In the shopping malls you can find every damn chain store and restaurant of indifferent quality you can think of. Chili's, Applebees, Chuckee Cheeses, McDonalds, Home Buffet, -- this is breeder territory, I have not seen a single restaurant for grown people who don't have kids in tow. The stores are your Targets and Lowe's and J.C. Penny's and Michaels and the list goes on an on and not one of them is a place you haven't visited time and time again. None is unique or interesting. For Christ's sake if you blindfolded someone and set them down in any one of these asphalt surrounded clusters of charmless stores and pulled off the blindfold they'd have no way of knowing what town they were in. There's no here here.
Welcome to Generica.
The people work, come home, spend their money in the chains which suck most of the money right back out from the community. Travis Air Force Base probably dumps a lot of money into the area. So the money comes from our tax dollars into the pockets of the locals here, who then spend it in the chains, and that money that doesn't go to minimum wage store employees promptly departs the community and heads to the store corporate headquarters. This is a business model that can never result in a city getting prosperous because there's no earthly reason why anyone would want to invest in the place unless they were looking for cheap housing and all the crappy stores you could want -- as long as you are willing to drive your car to them. The distances make walking quite impossible, and as I saw yesterday, cycling is no Swiss picnic.
We bought a house here for one of the kids and the grandchildren, a place he could afford which is out of the nasty part of Oakland that they had been living in. The house here has a bit of a back yard. Each child gets his and her own room.
It's a serious fixer-upper, been abandoned for a few years.
Yesterday morning I rode my bicycle to Home Depot to pick up some cabinet hardware, a round trip of about eleven miles. And I was reminded how much I dislike riding a bike in suburban sprawl in California. The cars speed up if they see you crossing the road ahead of them, the accommodations for cycling are rudimentary and clearly show that whoever designed them is unfamiliar with bike riding. It's a struggle to get anywhere safely.
Unlike the PNW, where cycling is more mainstream, the only other people I saw on bicycles were homeless guys or Hispanic men riding little BMX bikes. So around here, riding a bicycle sends the message that one is a marginalized person.
There is a former railroad right of way that cuts through the neighborhoods in a fairly straight direction from the house to the hardware store, and the city thoughtfully put a bike/walking path where the rails used to be. It did get me off the city streets for several miles, but no one really uses it: other than a two sleeping homeless guys and some Mexican men drinking beer, I was the only one using it for its intended purpose.

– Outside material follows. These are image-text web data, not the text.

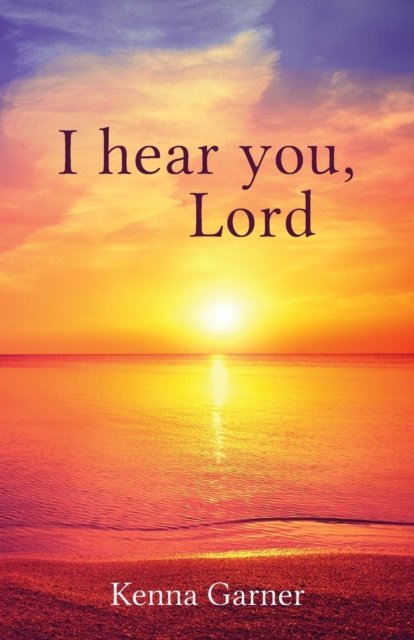 Cover for Kenna Garner · I hear you, Lord (Paperback Book) (2021)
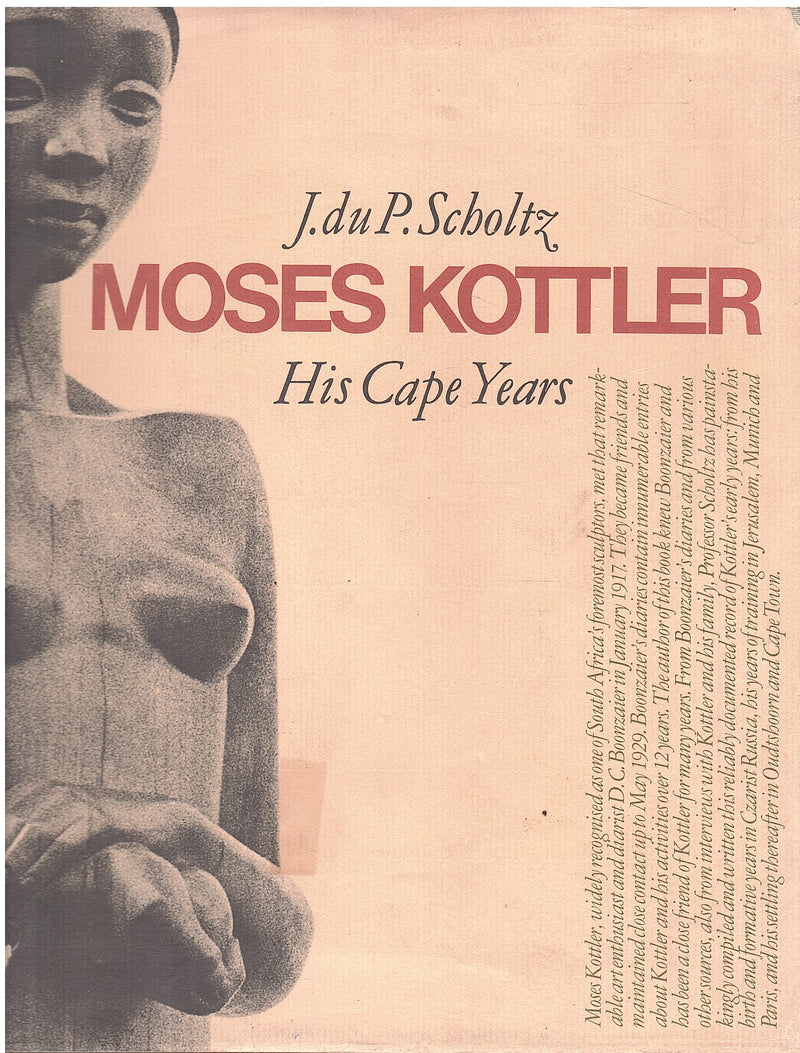 MOSES KOTTLER, his Cape years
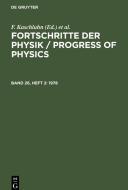 Fortschritte der Physik / Progress of Physics, Band 26, Heft 2, Fortschritte der Physik / Progress of Physics (1978) edito da De Gruyter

Anyway, we're working to make this house more liveable, as well as trying to make a habitable "granny flat" in the garage for Mrs Elliott and me to stay in when we visit. Other than the bike ride, I found no time for an oil painting I wanted to work on, the amount of work to be done is so overwhelming.
Visiting here reminded me how places like this are just not for me. I am thankful that I no longer live in suburban California, and live in a pretty place as Bend, which has a sense of community that these soulless places entirely lack. We're driving north today.
Thinking of making it a two-day drive, and stay at this funky little B and B in Dorris, then swing by Crater Lake on the way back home. Spring may arrive later in Central Oregon than it does here, but Bend doesn't crush my soul the way these places do.